Nine hospitals declared that they received fewer than 10 000 poisoning cases per year; the other hospitals declared that they did not have data on poisoning cases. Nine of the 17 participating hospitals reported having a list of drugs identified as antidotes but they did not know how this list wasgenerated, while the others claimed to have established their lists through regulatory texts, based on a review of the literature or by consulting local experts and hospital drugs committees. The IPCS recommendations were recognised by only two pharmacists.

The majority (13/17) of hospitals included in the study confirmed that they obtain antidotes from the health ministry, and eight of them receive antidotes from the Poison Control Centre of Morocco. Two military hospitals purchase their antidotes directly from foreign suppliers (since their purchasing procedure allows this), while the two hospital and university centres obtain antidotes by open government contracts.

Of the 42 selected antidotes, 38 (90.5%) were available depending on the hospitals included in the study. table 1 summarises the availability of antidotes considered useful in the treatment of poisoning (Group 1, IPCS) while table 2 shows the availability of antidotes used to prevent the absorption of poisons, to enhance their elimination or to provide supportive treatment (IPCS, Group 2). Group 2 antidotes appear to be more available in hospitals than Group 1 antidotes (p<0.001). As regards all classes of antidotes combined, the availability of antidotes appears be better in hospitals with a large bed capacity (table 3) and we found a strong correlation between the availability of antidotes and hospital bed capacity (r=0.83, p<0.001, n=17).

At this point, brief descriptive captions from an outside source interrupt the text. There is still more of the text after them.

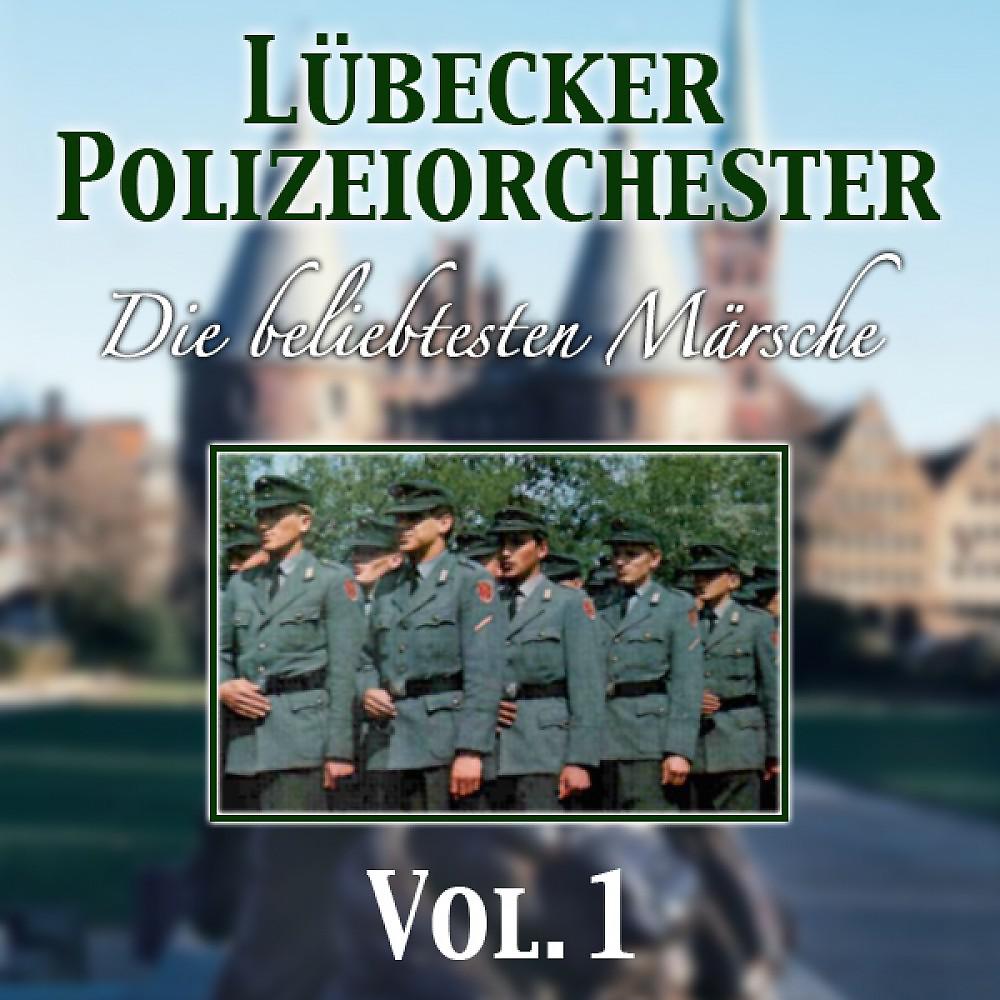 Постер альбома Die Beliebtesten Märsche Vol. 1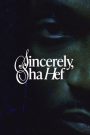 Sincerely, Sha Hef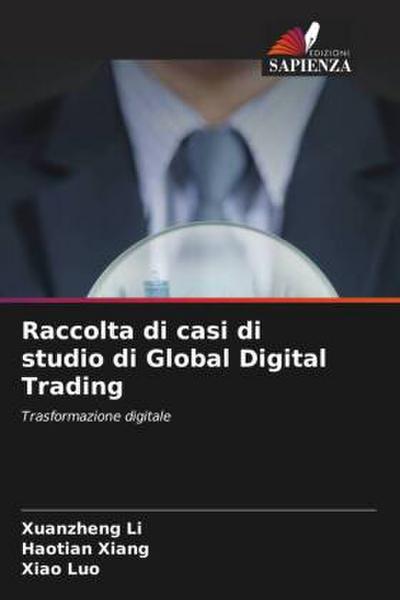 Raccolta di casi di studio di Global Digital Trading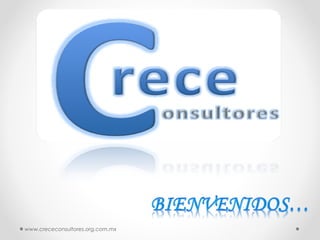 www.crececonsultores.org.com.mx
 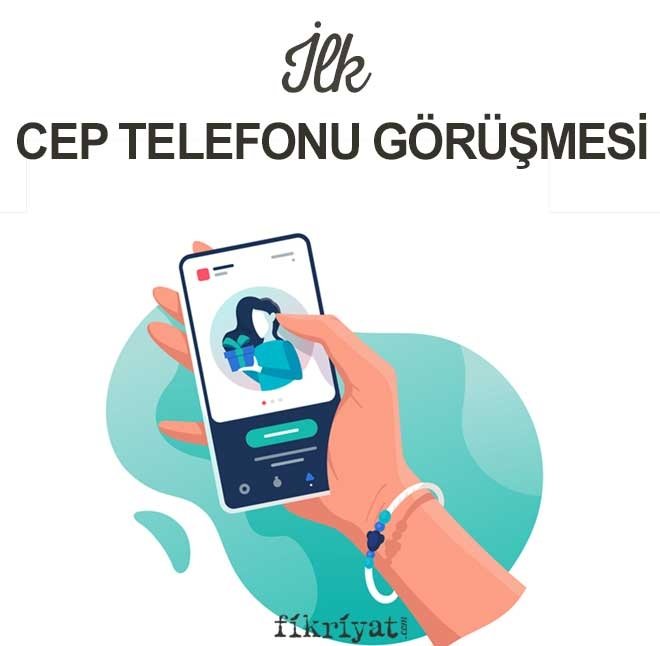 İLK CEP TELEFON GÖRÜŞMESİ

Logistic regression analysis revealed that the only factor strongly associated with higher antidote stock levels was bed capacity. Hospitals with a larger bed capacity stocked more antidotes (table 4). However, none of the hospitals provided data on their stocking capacity. Methylene blue, sodium nitroprussiate, Prussian blue and anti-snake venom were absent in all of the hospitals, and some essential antidotes that must be used within 30 min of the poisoning episode such as digoxin-specific antibody had low availability.

Table 1.

Availability of antidotes considered useful in the treatment of poisoning (International Programme on Chemical Safety (IPCS), Group 1)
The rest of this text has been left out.